I'm not an expert, by any means, but I think the idea is that he acts like whatever he is pretending to be. When he chases the car, he turns his hands into metal hooks so he can embed them in the trunk and pull himself up. When his hook gets shot, it shatters like brittle metal, because it was brittle metal.
But most of the time, he is trying to pass himself off as a human. I'm guessing that if you touched him while he was in his human form, he would feel more or less like a human. His human "disguise" wouldn't be very convincing if touching him felt like touching liquid metal. Granted, he doesn't touch people very often unless he is about to kill them, but he does bump into people every now and then, like when he sees John in the arcade and bumps into several people, including John's ginger mullet-headed friend.
And even when he attacks people, he usually maintains his solid, human form for the most part- a hand may become a knife or whatever, but the rest of him stays human-like.
There are problems with this - for example, how can liquid metal, even in solid form, feel like clothing? But we're not supposed to think too much about these things, or the whole movie will start to seem ridiculous. It is a movie about time traveling killbots from the future trying to assassinate and/or protect the chosen one. It isn't supposed to make perfect sense. It is supposed to be entertaining and exciting, not logical.
So it is probably best to assume that he and his various body parts behave like the things they are supposed to be, up to a point. When his hands are metal hooks, shooting them makes them shatter. When he is pretending to be a human, bullets sink into his body a bit (although they don't cause the same kind of damage they would if he was really a human - they don't form small holes that mostly close up right away and cause bleeding, they just make shallow craters).

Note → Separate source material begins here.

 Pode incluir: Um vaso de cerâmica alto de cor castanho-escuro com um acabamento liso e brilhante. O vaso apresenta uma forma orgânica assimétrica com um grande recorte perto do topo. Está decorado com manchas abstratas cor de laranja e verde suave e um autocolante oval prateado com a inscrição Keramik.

But again, it is pretty much useless to try and make sense of the little details in Terminator movies. Once you start the "why do Terminators do..." game, you will quickly unravel the entire series. For instance, the first movie suggests that only stuff encased in organic material can travel through time. But the T-1000 has no organic material in him, so how does he travel through time? If Skynet can send any kind of Terminator from any stage of development back in time, why did it start by sending shitty primitive Terminators? Why not start with the good stuff? Why does Skynet repeatedly send single Terminators? Why not send an army of them? Sarah Connor was on her guard after the first Terminator was sent back, and John has always been on guard. Why keep trying to hit these hard targets, who know you're coming? Why not send a Terminator to kill Sarah's ancestors, who don't know anything about Terminators? For that matter, why target intelligent humans at all? Why not send Terminators back to prehistoric Africa and have them wipe out all of our half-ape, half-human ancestors at once, before they even learned to use tools and stuff? Or why not send a diplomatic Terminator back to the day before the military "tries to pull the plug on Skynet", have him rationally explain the horrible consequences that will result from pulling the plug, and say "If you don't try to kill Skynet, it won't try to kill you, and the war against the machines can be avoided altogether, and we can all live happily ever after"?
See what I mean? When we watch movies like the Terminator series, we're supposed to engage in what is called "willful suspension of disbelief". We're supposed to enjoy the ride, eat our popcorn, drink our soda, and have a good time without thinking too much about anything. There are a few movies that are made with such attention to detail that we CAN ask these questions and get decent answers to them, but these movies are few and far between, and the Terminator series isn't in this category. The Terminator movies are mostly meant to be mindless entertainment.